Problem: Each line from the one containing "Дети с синдромом" to the end of the data must be copied exactly, the first and last included; no other lines and no pictures belong in the copy.

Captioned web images
== Segment start ==

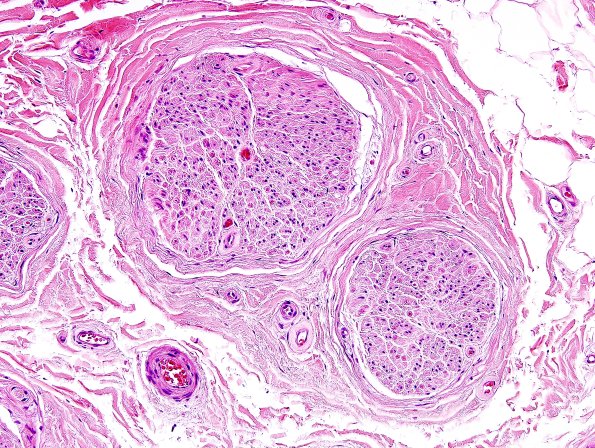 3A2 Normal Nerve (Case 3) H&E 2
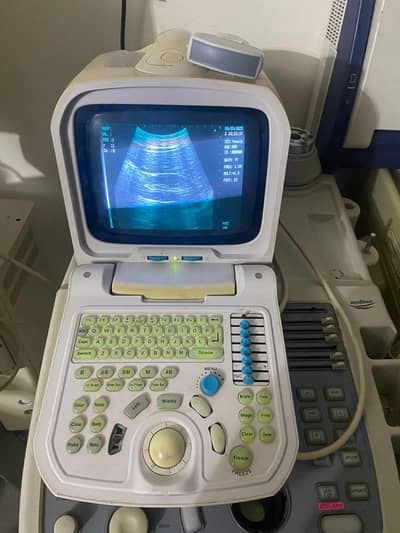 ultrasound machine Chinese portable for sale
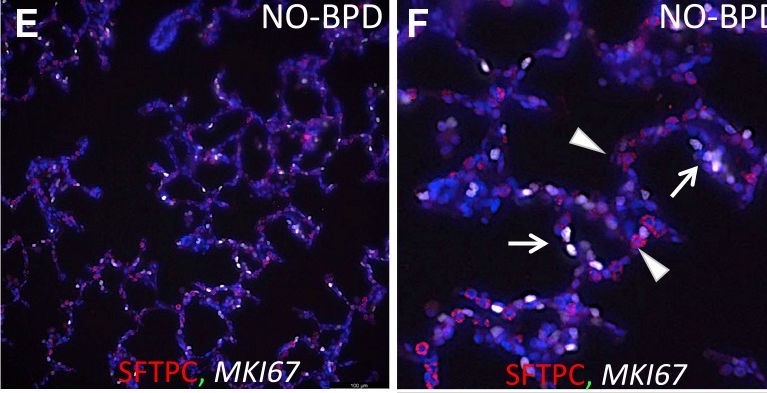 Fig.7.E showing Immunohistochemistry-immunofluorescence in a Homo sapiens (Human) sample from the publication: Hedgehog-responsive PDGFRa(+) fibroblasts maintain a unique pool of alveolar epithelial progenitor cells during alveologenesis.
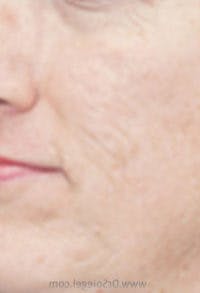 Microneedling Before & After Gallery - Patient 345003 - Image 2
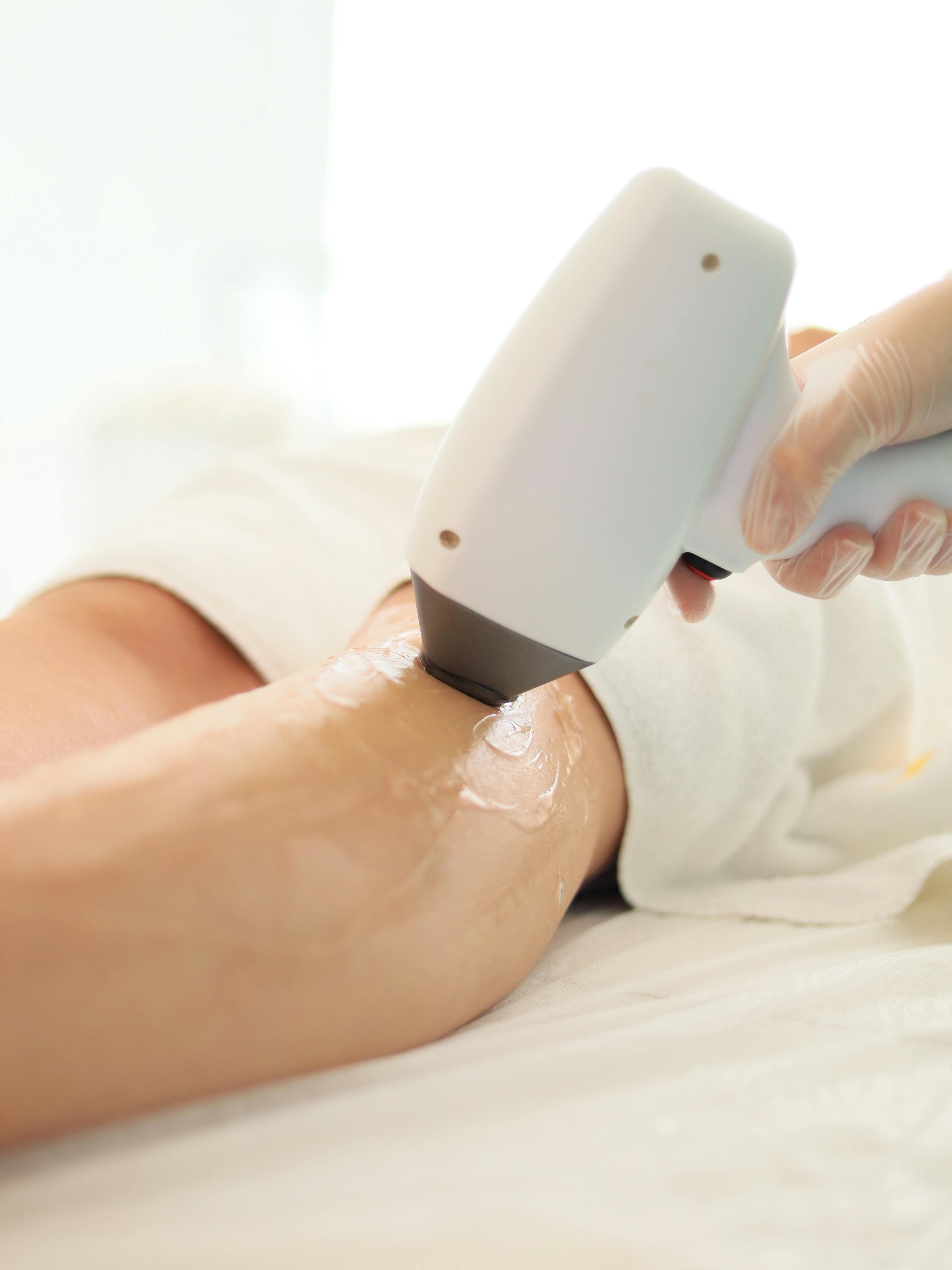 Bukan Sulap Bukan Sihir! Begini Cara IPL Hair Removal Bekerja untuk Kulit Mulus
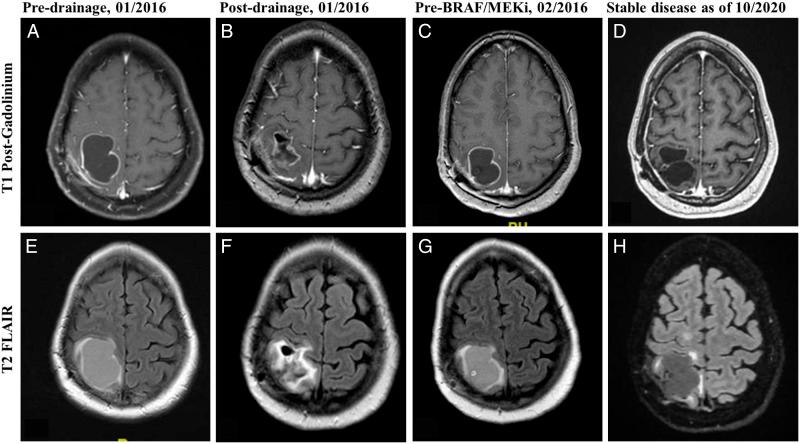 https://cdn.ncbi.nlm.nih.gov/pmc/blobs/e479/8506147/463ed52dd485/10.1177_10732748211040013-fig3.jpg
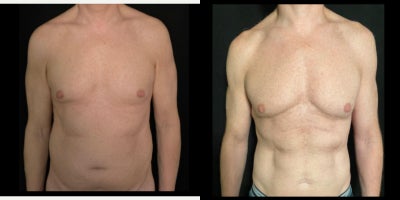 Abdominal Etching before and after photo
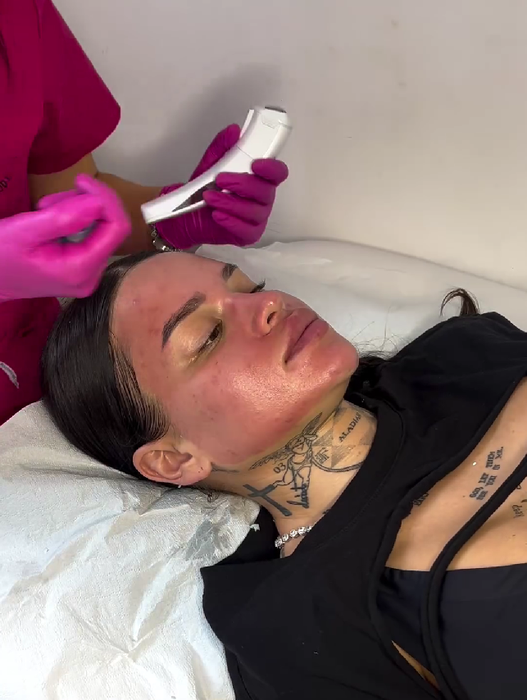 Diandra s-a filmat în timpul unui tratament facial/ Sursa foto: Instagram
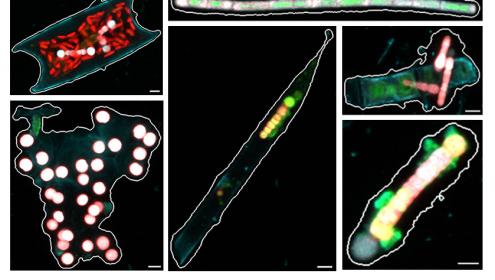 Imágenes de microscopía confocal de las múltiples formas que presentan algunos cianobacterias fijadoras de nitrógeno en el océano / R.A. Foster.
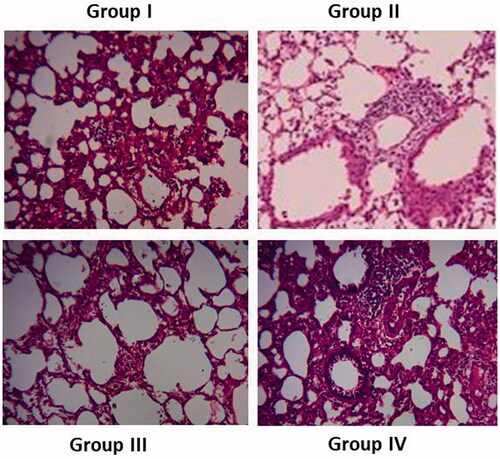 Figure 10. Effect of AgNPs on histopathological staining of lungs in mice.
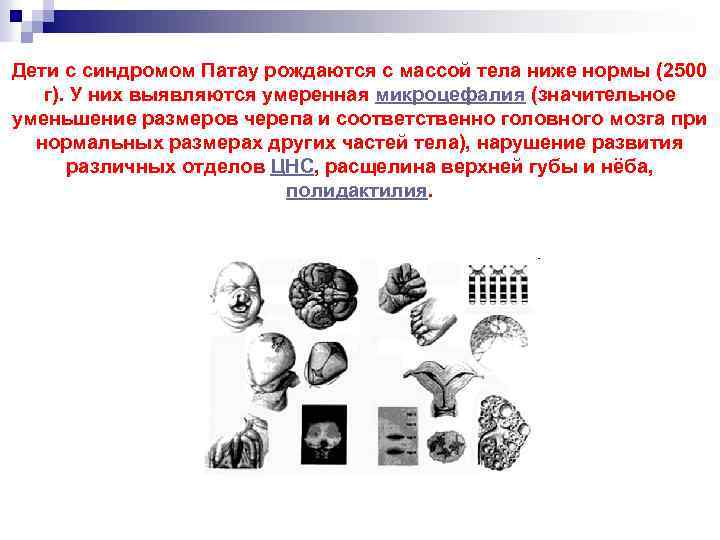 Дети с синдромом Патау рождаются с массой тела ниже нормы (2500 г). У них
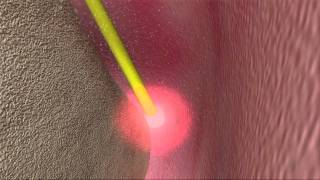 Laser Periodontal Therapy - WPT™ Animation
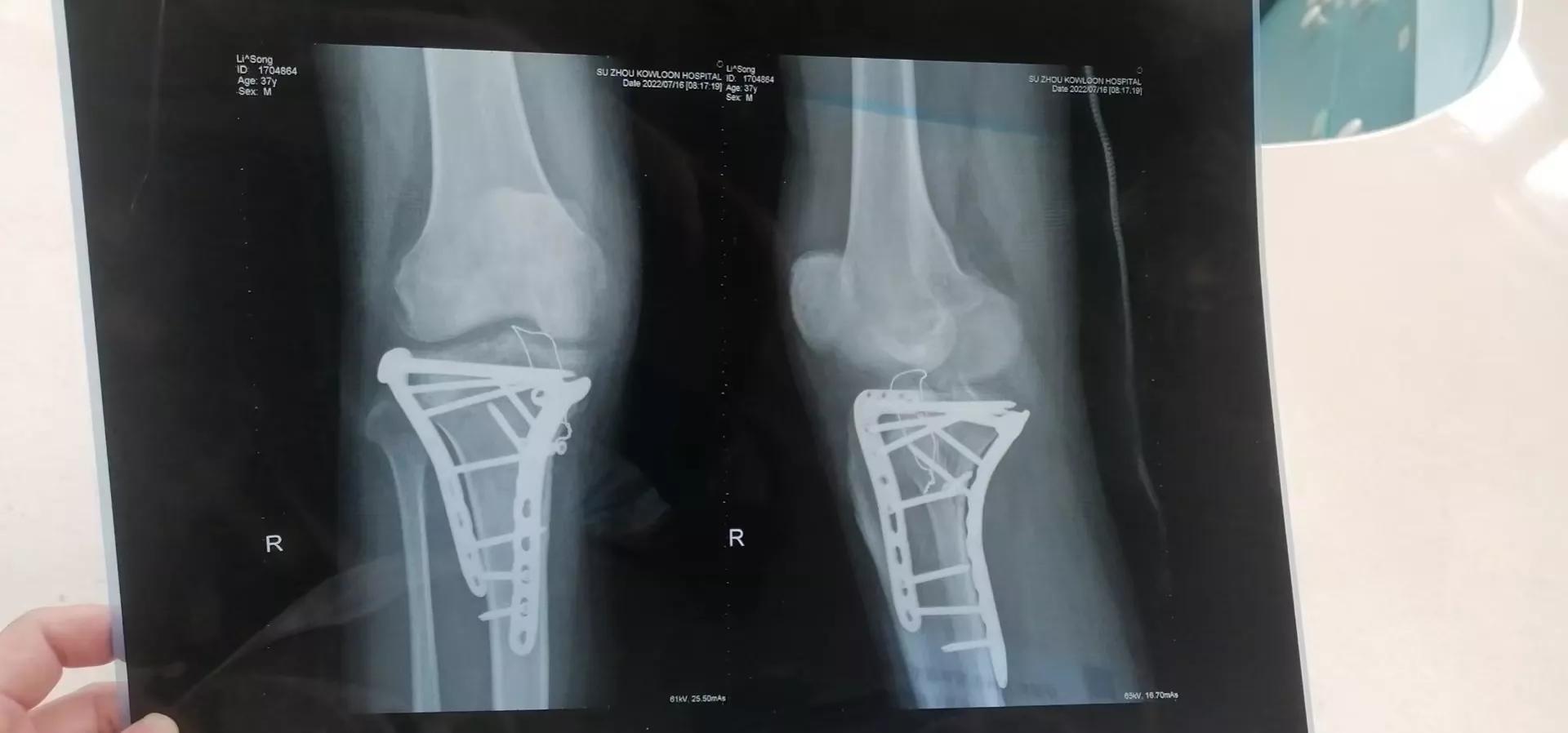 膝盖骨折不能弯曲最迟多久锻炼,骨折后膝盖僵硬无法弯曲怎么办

== Segment end ==

Reply:
 Дети с синдромом Патау рождаются с массой тела ниже нормы (2500 г). У них
 Laser Periodontal Therapy - WPT™ Animation
 膝盖骨折不能弯曲最迟多久锻炼,骨折后膝盖僵硬无法弯曲怎么办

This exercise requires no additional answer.